Mr Toubon learnt yesterday, however, that his crusade faces defeat. European Union culture ministers, meeting in Bordeaux, rejected France's call for tighter television quotas as a way of restricting US programming.
Despite efforts to nurture conviviality with free-flowing St Emilion, Mr Toubon ended the day isolated: the British and Danes advocated outright abolition of existing quotas, which call for a minimum of 51 per cent European works on television, excluding sports and news. Germany said European culture should be addressed at a national level, advocating a kind of "cultural subsidiarity". Only Greece and Belgium backed Paris. Other Europeans favoured maintaining existing quotas while seeking other measures to support Europe's television, film and audio-visual industry, such as increased investment and telecommunication levies.
It was not the first time a Toubon crusade faced defeat. Recently the minister advocated banning Franglais, only to be overruled by the French Constitutional Council on grounds that his diktat violated right of free communication. The son of a croupier, Mr Toubon's credentials are often mocked: his nickname is Mr All-good. Simply sneering at him, however, does no justice to his arguments. Britain and Sir Leon Brittan, the EU Trade Commissioner, say quotas do not work.

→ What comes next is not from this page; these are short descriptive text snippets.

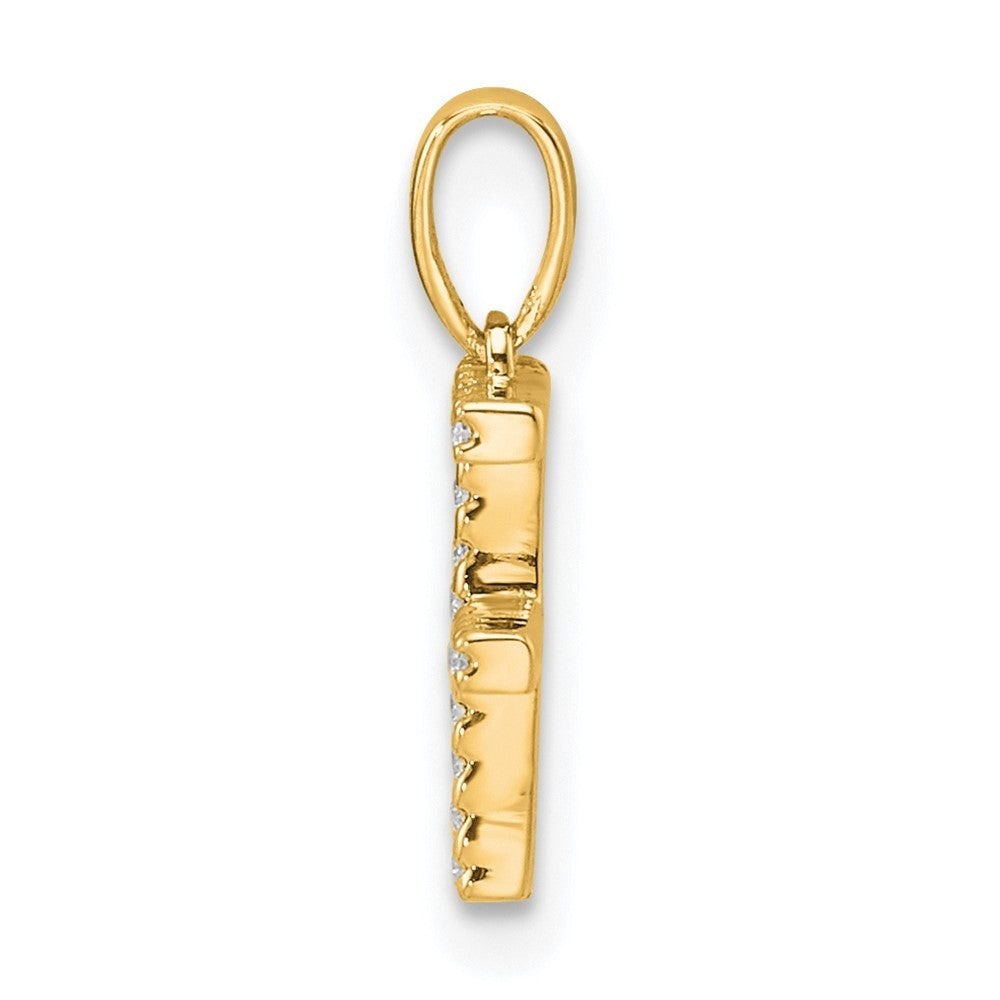 14k Yellow Gold Diamond Letter F Initial Pendant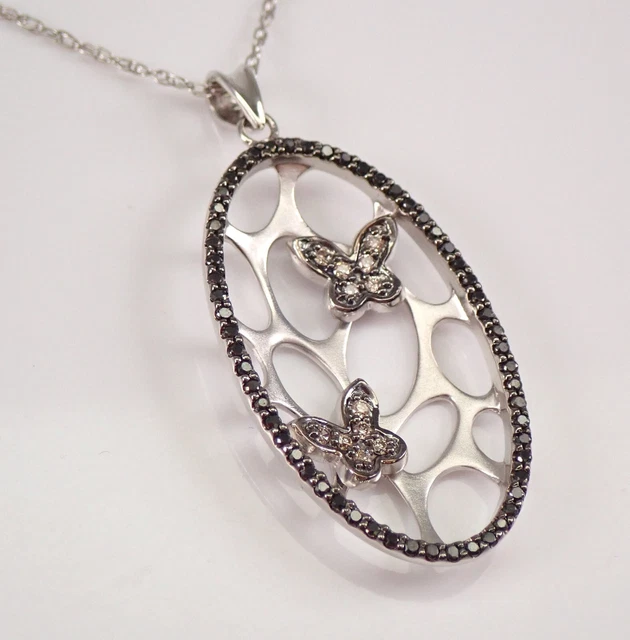 14K White Gold Plated Black Real Moissanite Butterfly Necklace Butterfly Jewelry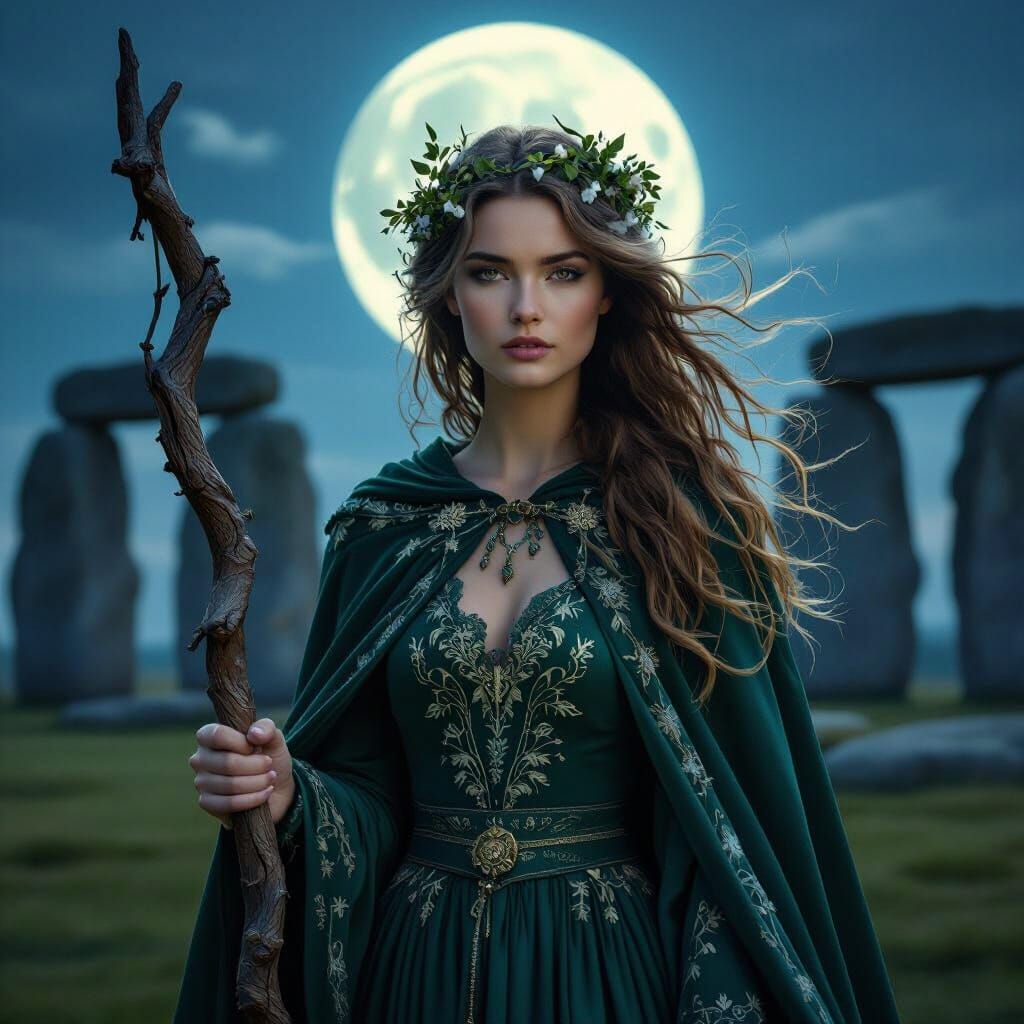 Eloise at Stonehenge Under Full Moon Portrait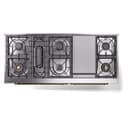 Nostalgie II 60 UP60FNMPWHG Freestanding Dual Fuel Range with 9 Sealed Burners with Griddle Double Oven with Triple Glass Door with Brass knobs view 9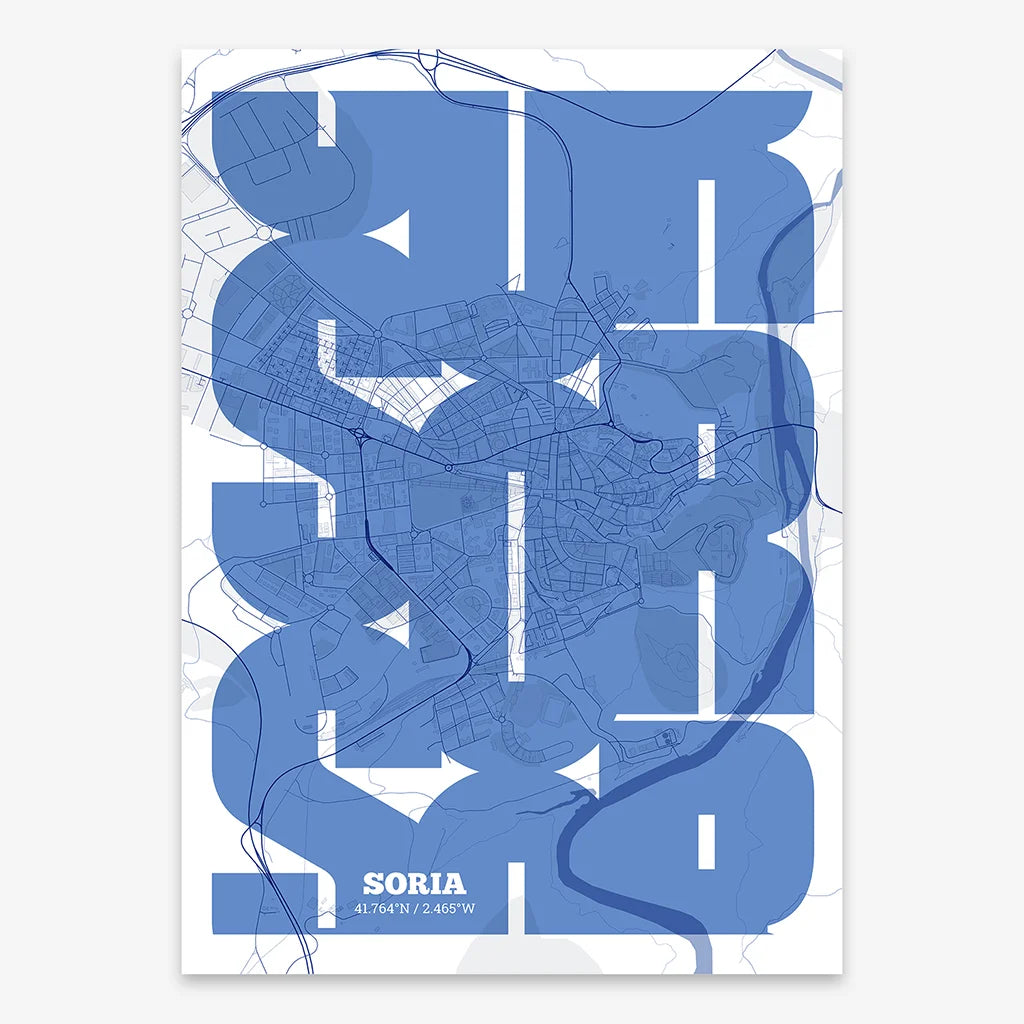 Poster of Soria composed with letters from its abbreviation or its airport IATA code printed on navy blue and white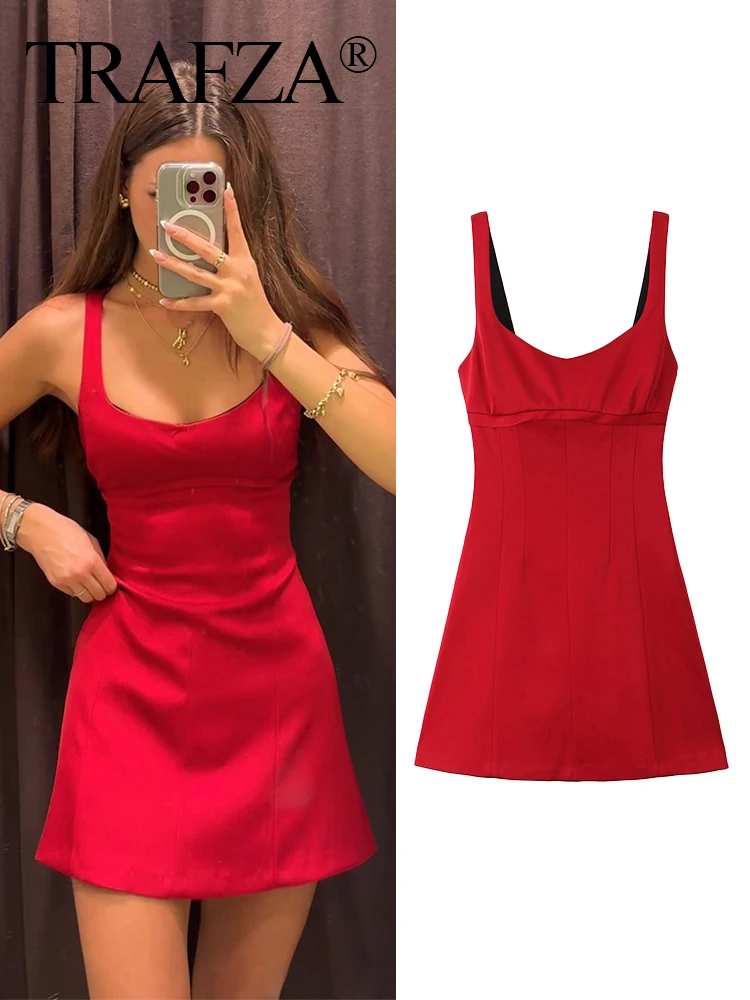 TRAFZA Women's Sexy Fashion Red Square Collar Open Silk Satin Texture Mini Dress Female Elegant Sleeveless Backless Zipper Dress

Stephen Dorrell, the Secretary of State for National Heritage, said yesterday that, while Britain, like France, believed in supporting European culture, it rejected the principle of quotas because they limited choice.

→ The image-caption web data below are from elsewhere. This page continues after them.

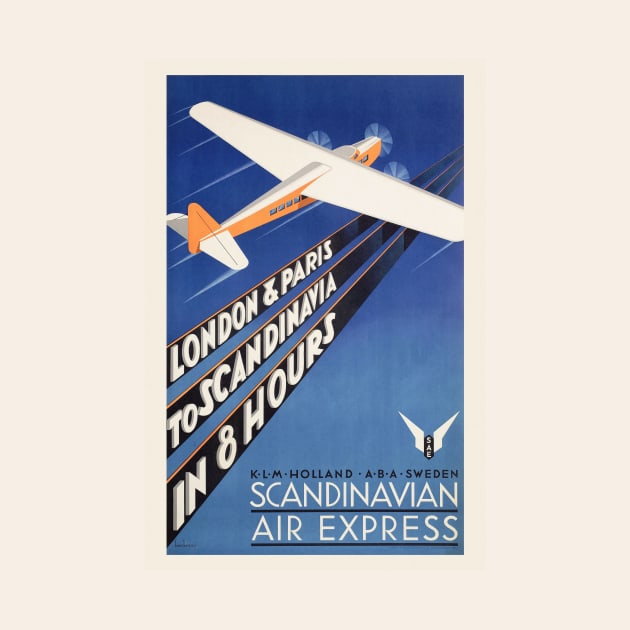 Scandinavian Air Express Vintage Poster 1931 by vintagetreasure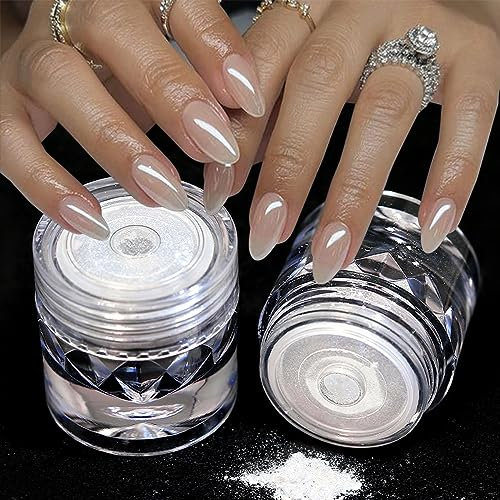 Moonlight Aurora Chrome Nail Powder - 2Pcs White Shimmer Magic Holographic Glitter for Nail Art Design 0.5g/Jar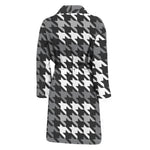 Grey Houndstooth Pattern Print Men's Bathrobe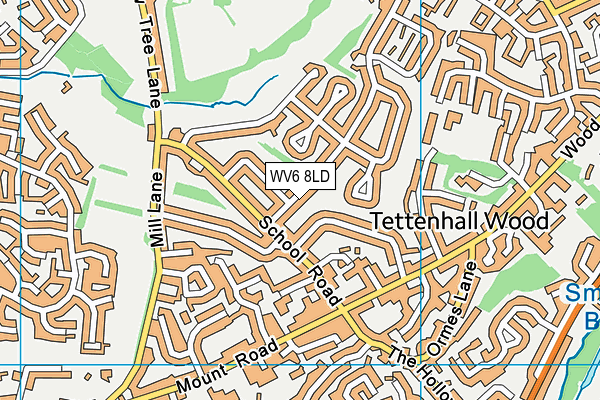 WV6 8LD map - OS VectorMap District (Ordnance Survey)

But many MEPs and people in the film and television world say US domination is such that there is no free choice. It is a tenth cheaper to buy an American package than a European-made product because Hollywood has already covered its costs in the US before the programme is effectively dumped on Europe. In 1993 the US exported $4bn of audio-visual work to Europe; Europe's exports were worth $336m.
Hollywood, helped by the US government, has built pan-European distribution networks. Cinema is under almost total US domination, with 80 per cent of box-office receipts in Europe going to Hollywood. Free-marketeers say that with more television channels there will be room for Starsky and Hutch as well as Germinal. However, this too is a deception, say the regulators.

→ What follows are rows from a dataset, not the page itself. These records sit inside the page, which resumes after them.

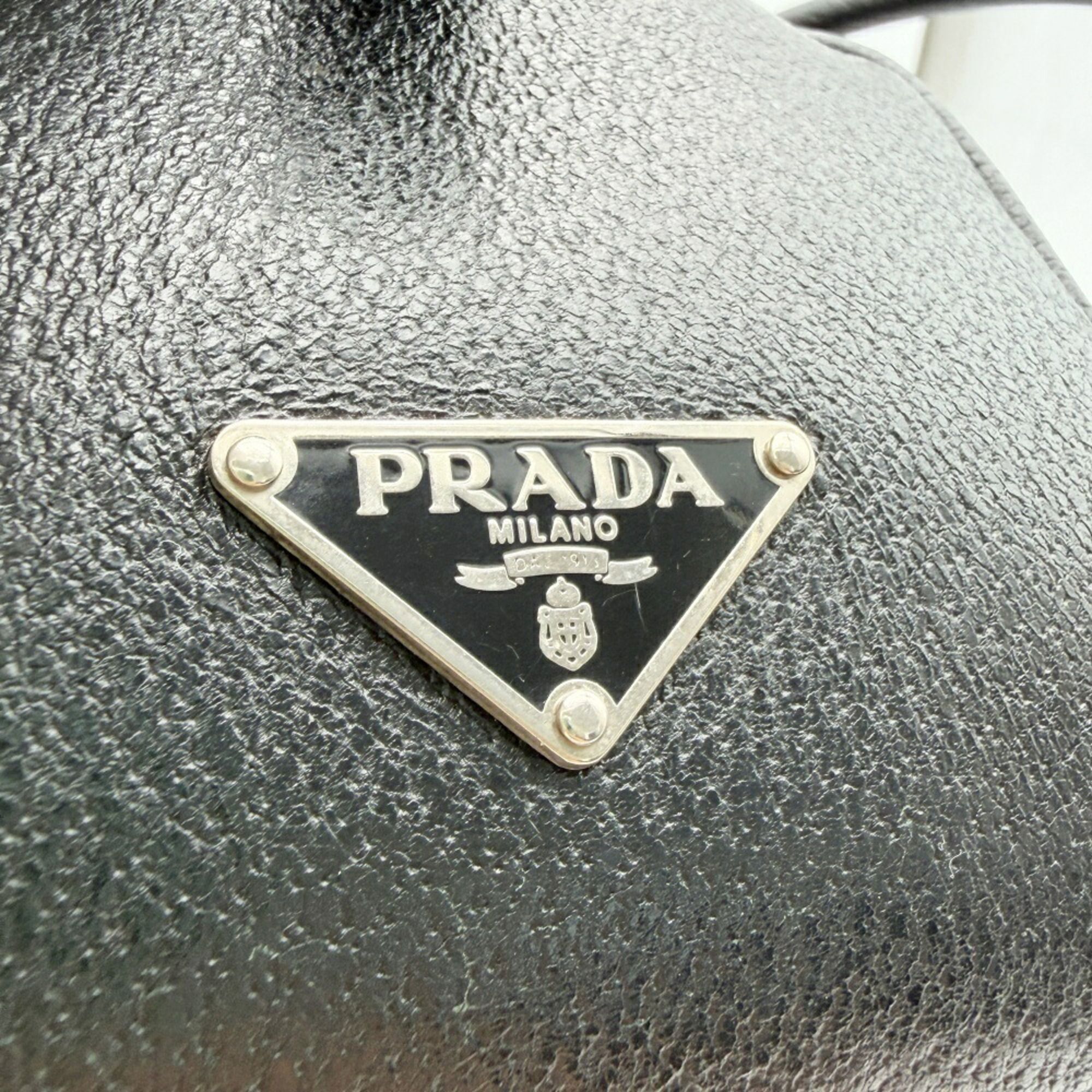 Canvas Leather Boston Bag Handbag (Pre-Owned) - Prada - Modalova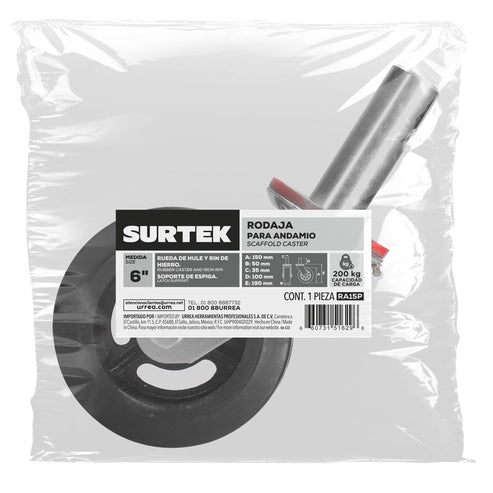 Rodaja De Hule Para Andamio 6, Surtek RA15P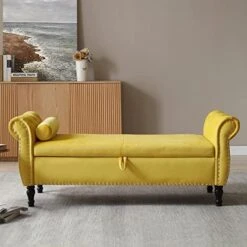 KIVENJAJA Storage Bench For Bedroom End Of Bed, 63" Long Velvet Tufted Upholstered Window Ottoman Benches Seat With Pillow, Rolled Arm Nailhead Trim & Solid Wood Legs, Blue 27 KIVENJAJA Storage Bench For Bedroom End Of Bed, 63" Long Velvet Tufted Upholstered Window Ottoman Benches Seat With Pillow, Rolled Arm Nailhead Trim & Solid Wood Legs, Blue -Amazon Store 515Yp38cptL. AC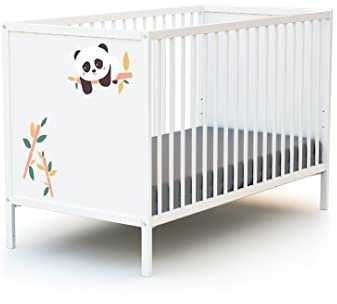 WEBABY - Babybett holz 60x120 Panda Weiß ALBA| 124 x 64,5 x 82 cm | Holzbett 100% massive Buche | Verstellbarer Lattenrost in 3 Höhen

Britain operates the slackest rules against US media giants, letting them broadcast by satellite to Europe without restrictions; Commission officials say quotas would work if properly enforced. "Without quotas it will soon be 100-per-cent American shows on television. In five to 10 years it will even be true for the BBC," said Mr Toubon. "I say to Sir Leon: `It is I who am the liberal because it is I who am against this monopoly.' And I say: `Why do you protect European aircraft industries without protecting our culture?' "
It looks likely that the Commission, charged with proposing new measures, will produce a compromise, but the way has been cleared for abandoning quotas. However, the argument over Europe's cultural indentity will not end there.
The French say Europe must now regulate US domination of the multi-media market, which will offer viewers English-language television shopping, chat-lines and much more. Already multi-media giants are snapping up European art for conversion into audio-visual display on CD-ROM. The rights to market the National Gallery's paintings on CD have been bought by the US Microsoft company, which is believed to be eyeing the Louvre. Economists predict that a European audio-visual industry could support four million jobs but not if the Americans get there first.
"If Europe follows France's lead, I am optimistic we can win. If not, all will be lost. France is the only country giving priority to preserving Europe's popular living culture. We give culture the same priority as the economy and agriculture," said Mr Toubon. "Europe must have a cultural personalty."